(ACTIVITY): Your answer must be an exact copy of the entries below, with every picture removed.

__________

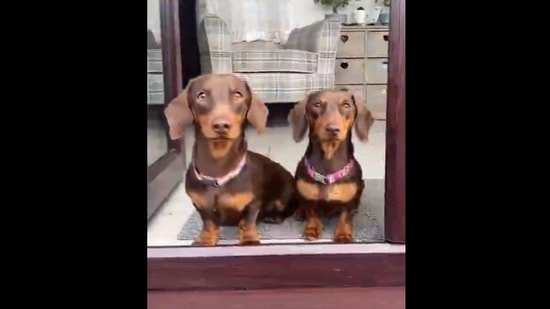 are dachshunds good dogs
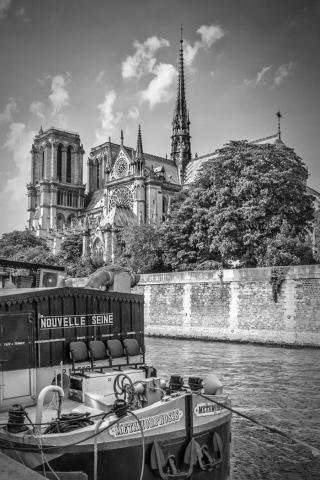Ilustrace PARIS Cathedral Notre-Dame | monochrome, Melanie Viola,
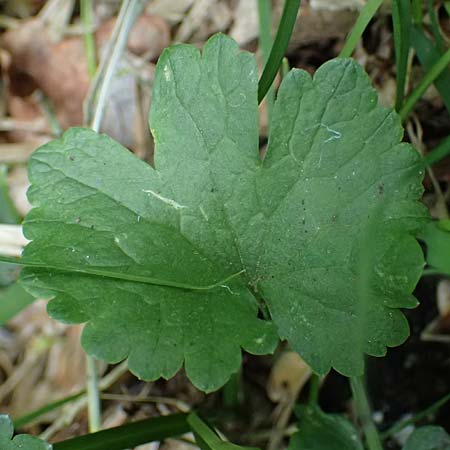 Ranunculus sorviodurus \ Straubinger Gold-Hahnenfu� / Straubing Goldilocks, D Rain 8.5.2025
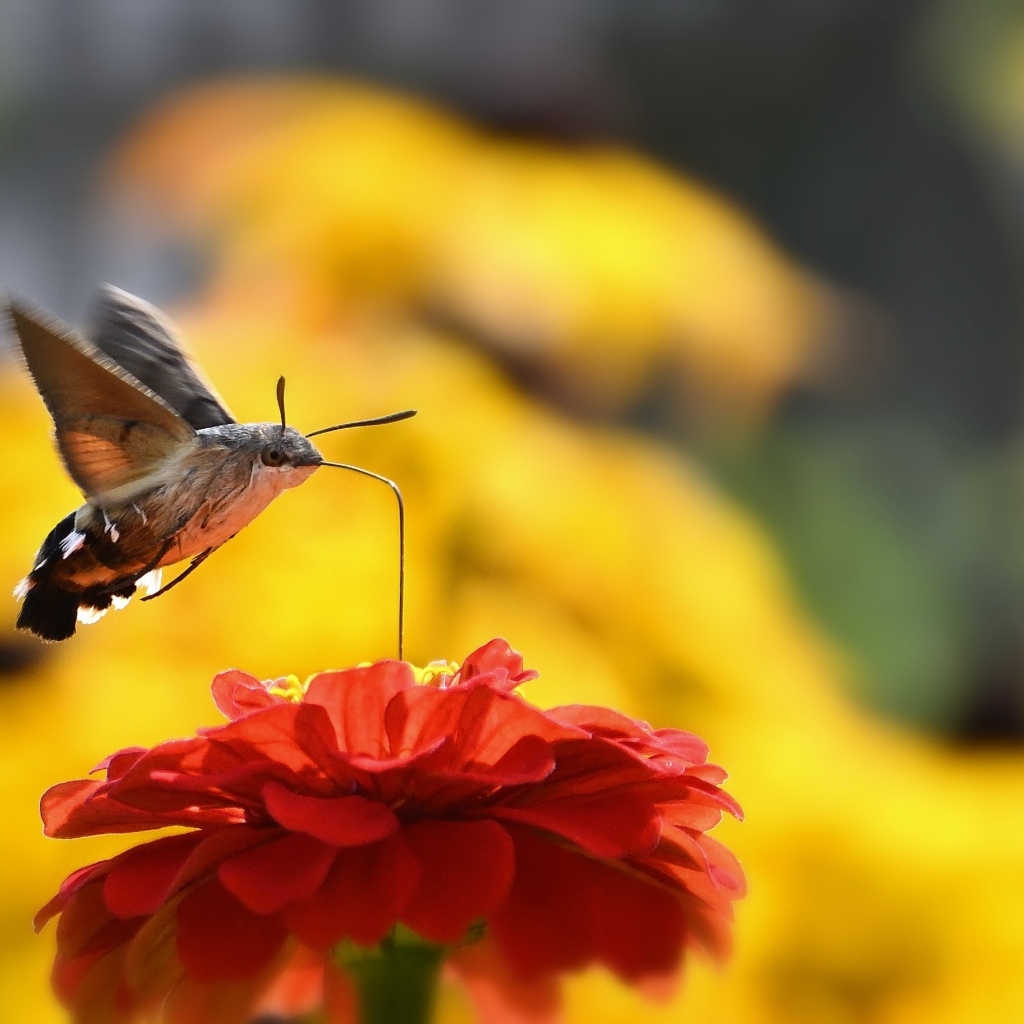 Насекомое бражник над цветком циннии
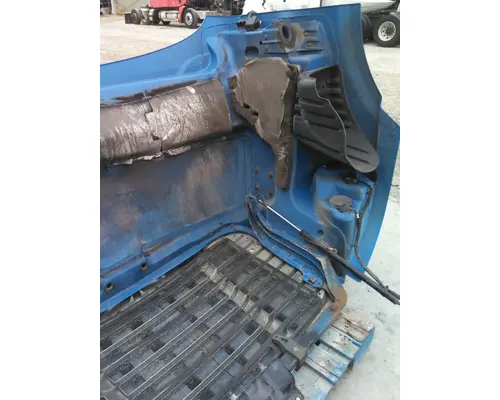 FREIGHTLINER CASCADIA 113 HOOD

__________

(ANSWER BOX):
 are dachshunds good dogs
Ilustrace PARIS Cathedral Notre-Dame | monochrome, Melanie Viola,
 Ranunculus sorviodurus \ Straubinger Gold-Hahnenfu� / Straubing Goldilocks, D Rain 8.5.2025
 Насекомое бражник над цветком циннии
 FREIGHTLINER CASCADIA 113 HOOD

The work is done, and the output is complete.